*Exercise requirements*
Drop the images. Copy every line below character for character.

# # #

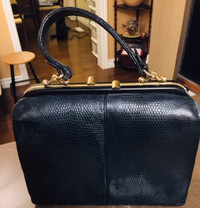 Genuine Snakeskin Leather 1950s Vintage Purse Handbag Black
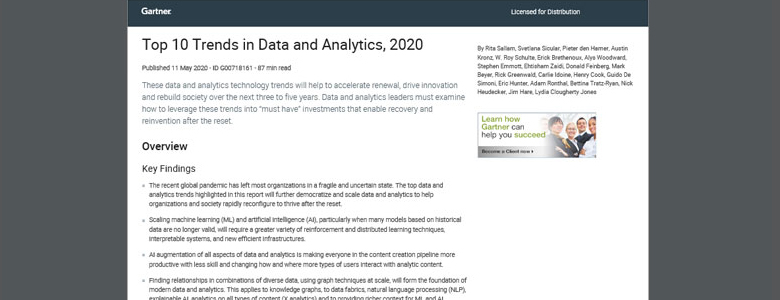Article Top 10 Trends in Data and Analytics, 2020 Image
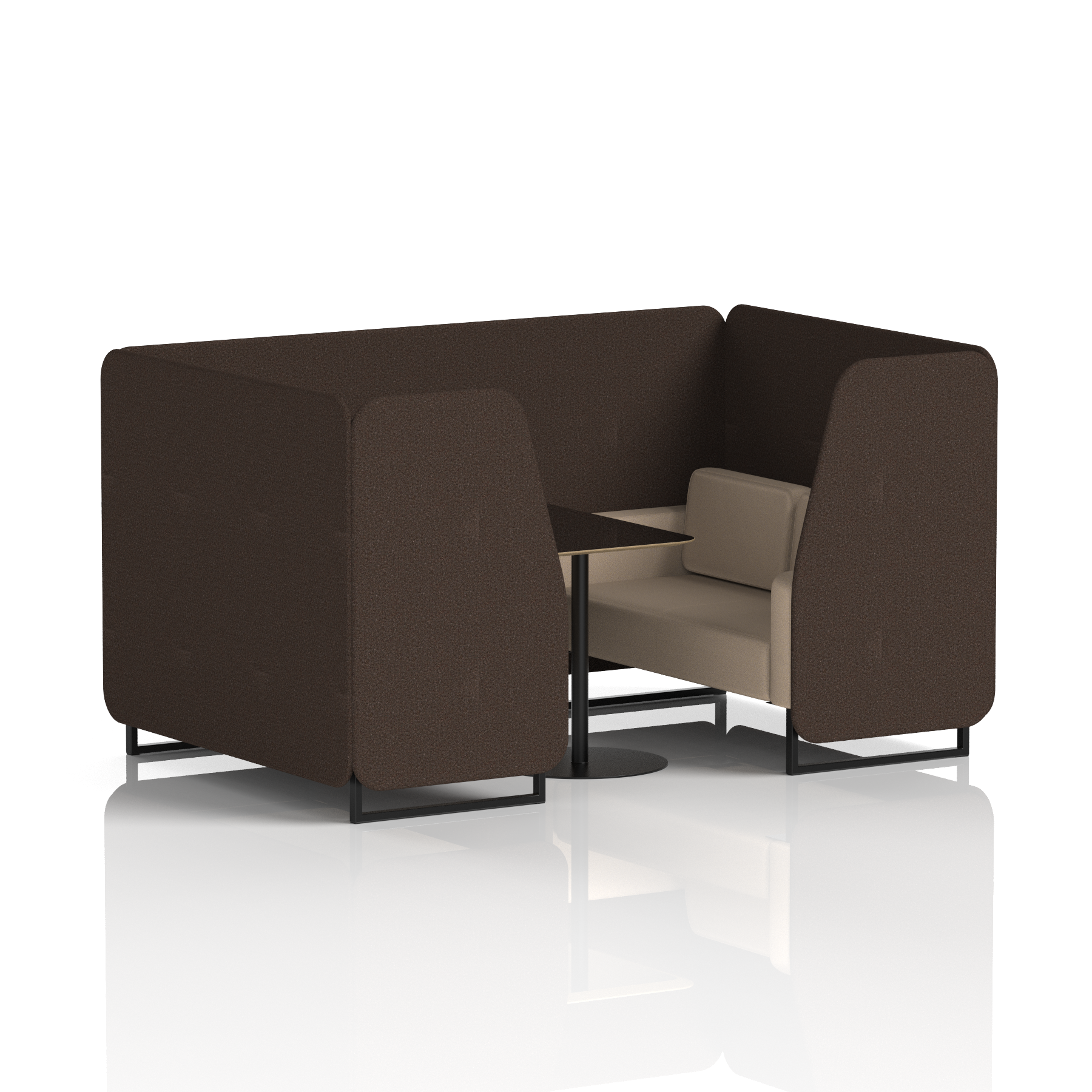 Brixworth Booth With Black Table In Two Tone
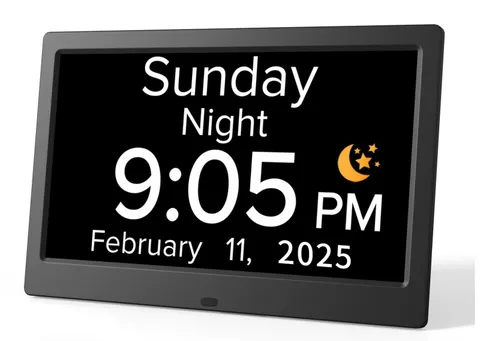 10.1 Inch Digital Alarm Clock with Date and Day of Week for Dementia Seniors,...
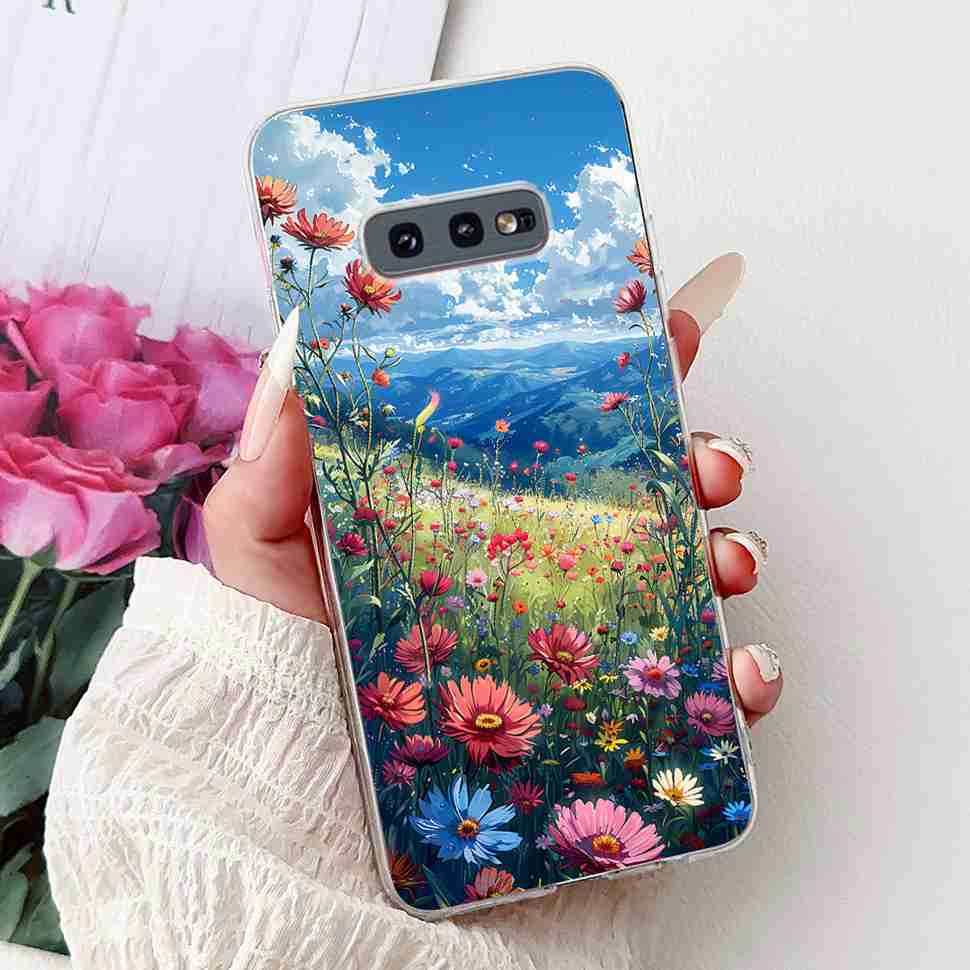 For Samsung Galaxy S10e SM-G970 Case Fashion Painted Flowers Soft Silicone TPU Cover For Samsung S10e S10E SM-G970F 5.8" Bumper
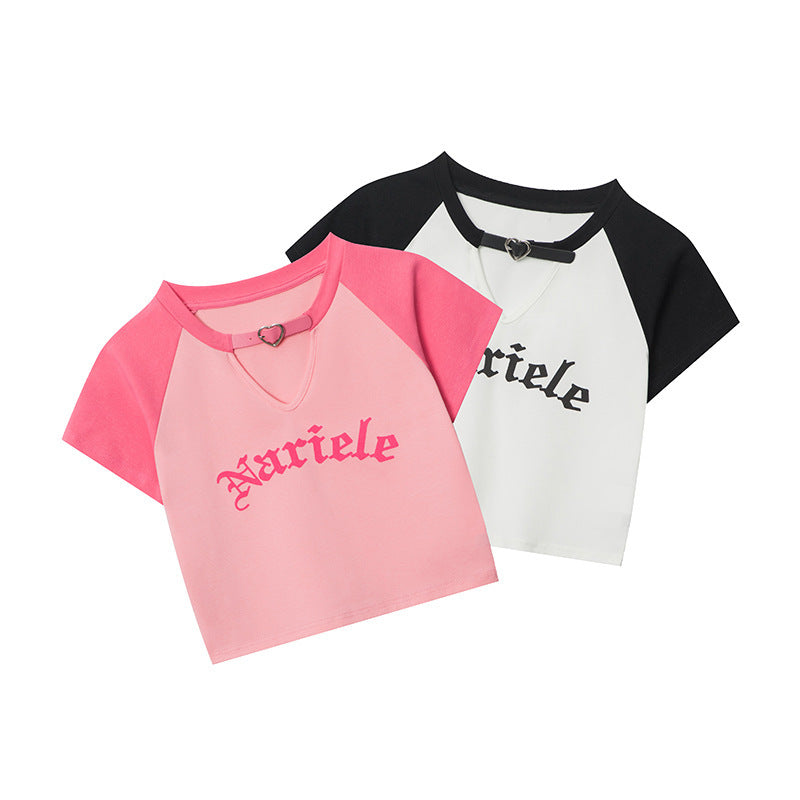 HeyHenry European and American Spice Girls Fashion Hollow Design Letter Print Contrast Color Short-sleeved T-shirt Women's Navel Top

# # #

*Written answer*
 Genuine Snakeskin Leather 1950s Vintage Purse Handbag Black
Article Top 10 Trends in Data and Analytics, 2020 Image
 Brixworth Booth With Black Table In Two Tone
 10.1 Inch Digital Alarm Clock with Date and Day of Week for Dementia Seniors,...
 For Samsung Galaxy S10e SM-G970 Case Fashion Painted Flowers Soft Silicone TPU Cover For Samsung S10e S10E SM-G970F 5.8" Bumper
 HeyHenry European and American Spice Girls Fashion Hollow Design Letter Print Contrast Color Short-sleeved T-shirt Women's Navel Top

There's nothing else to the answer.